Choreographer Flemming Flindt opens Isak Dinesen's Pandora's box for Ballet SJ Silicon Valley's 'Out of Africa'

By Marianne Messina

BALLET SAN JOSE Silicon Valley's new production, Out of Africa, concerns Africa about as much as Milton's Paradise Lost concerns Paradise--which is to say, not very much. Rooted in tensions between the artist and the forbidden, this ballet by Danish choreographer Flemming Flindt may even fall prey to the Miltonian flaw: Its devil is as appealing as its god.

The ballet's original title was Lucifer's Daughter, and the years that Karen Blixen (a.k.a. Isak Dinesen) spent managing a Kenyan coffee plantation (1914-1931) represent only a small episode in the life of the author and Danish heroine.

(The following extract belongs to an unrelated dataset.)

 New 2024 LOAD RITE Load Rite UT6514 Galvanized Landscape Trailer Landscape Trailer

But Flindt believed that Americans would be more familiar with the Meryl Streep character from Out of Africa, the 1985 film version of Dinesen's famed chronicle of her time in Kenya.

"Apparently, in Denmark, they hate the movie," says Alexsandra Meijer, the graceful 22-year-old blonde who will be dancing the Blixen role. "They think it doesn't follow her life at all, is what Flemming said. [Our production] deals more with her actual writings and her childhood."

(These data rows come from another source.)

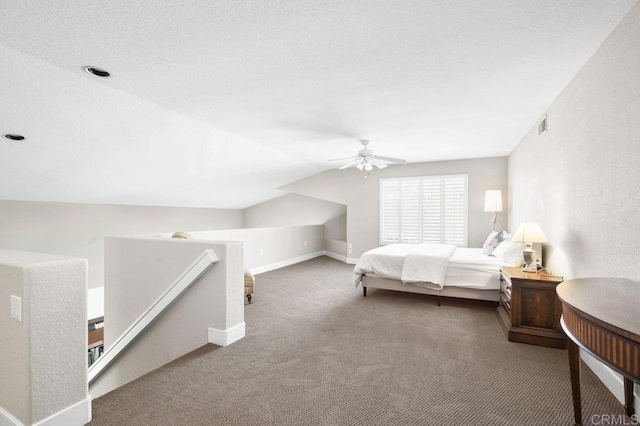 carpeted bedroom with ceiling fan and lofted ceiling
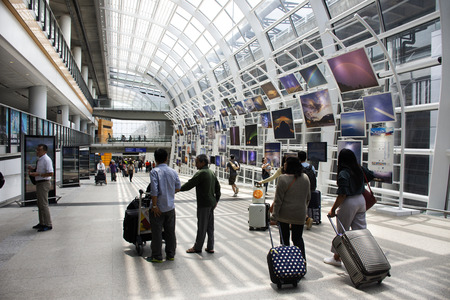 Chinese people and foreigners traveler walking in terminal of Hong Kong International Airport or Chek Lap Kok Airport on September 3, 2018 in Hong Kong, Mainland Chinaのeditorial素材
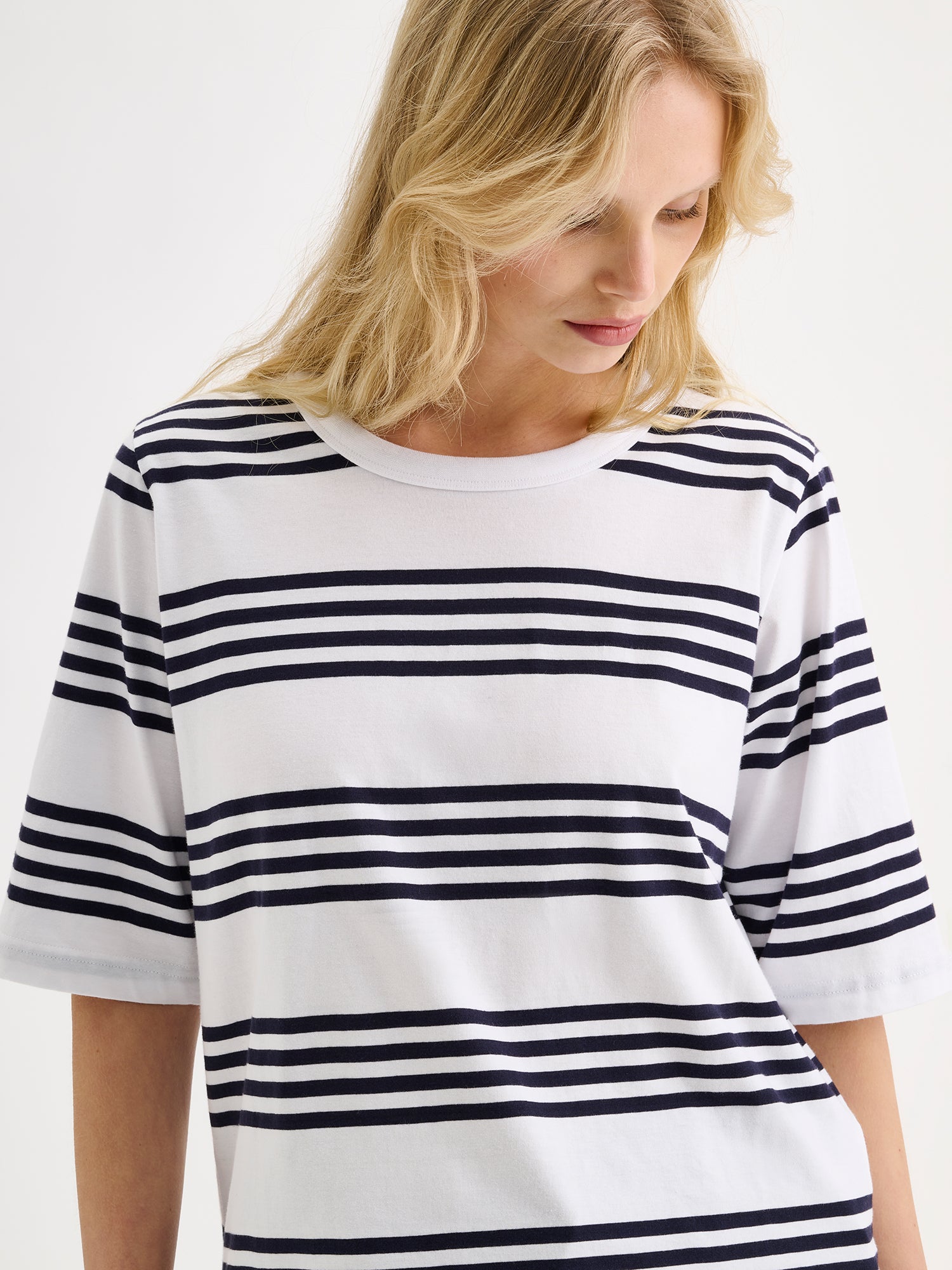 Nanso women's fresh striped navy and white Merina t-shirt on a model close-up.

Blixen was a creative child with a willful inner fire, raised in confining and insular Victorian Denmark by a coldly religious mother. "Whatever I have read about it," Flindt says, "her and the mother, it was sort of big respect but not big love." On the other hand, Blixen doted on her dashing, storytelling father. And Meijer can identify: "I was a major tomboy, and I'm, like, a daddy's girl." The Blixen character will be her first full-length lead role.

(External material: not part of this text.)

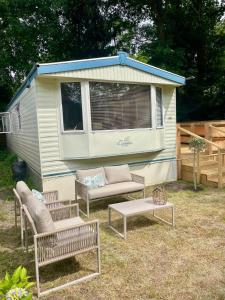 a trailer with benches and a table in a yard at Heerlijke ruime stacaravan met overdekte veranda en omheinde tuin ''Casa Elvina'' in Eext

Blixen also suffered great losses in her life. Her beloved father killed himself when she was 10, and her amicable marriage with her cousin, Baron Bror von Blixen-Finecke, was a short-lived marriage of convenience. "She got the title, and he got the money," quips Flindt. "So that was a good relationship." While in Africa, Blixen had a passionate relationship with the English game hunter Denys Finch-Hatton, who died in a plane crash just before Blixen left Africa.

Apart from the galvanizing processes of tragedy and frustration, Flindt is at his best with characters who embody the demiurge, that fiery force, evil or good, that reaches into chaos and pulls out creation. And in this respect, Blixen caught his imagination. "She wrote to her brother that she had made a pact with a fallen angel who was God's favorite, Lucifer," Flindt notes, "and if she would become the greatest storyteller in the world, ... he could have her soul."

Flindt presents an abstract of this Faustian scene, just after "The Woman," as the Blixen character is called, has gone through the tragic loss of her lover. Since Africa represented freedom for Blixen and a return to her core, Flindt includes impressive African dance and music (including a 70-voice choir) in the scene. Heavy on symbolism--Blixen, as a Fool of Possibility, wears a Pierrot clown costume and must open a Pandora's box-like violin case--the scene turns into a carnival of centaurs and devils around a human totem pole and paints the creative decision as a maelstrom of freedom, expressiveness and terror.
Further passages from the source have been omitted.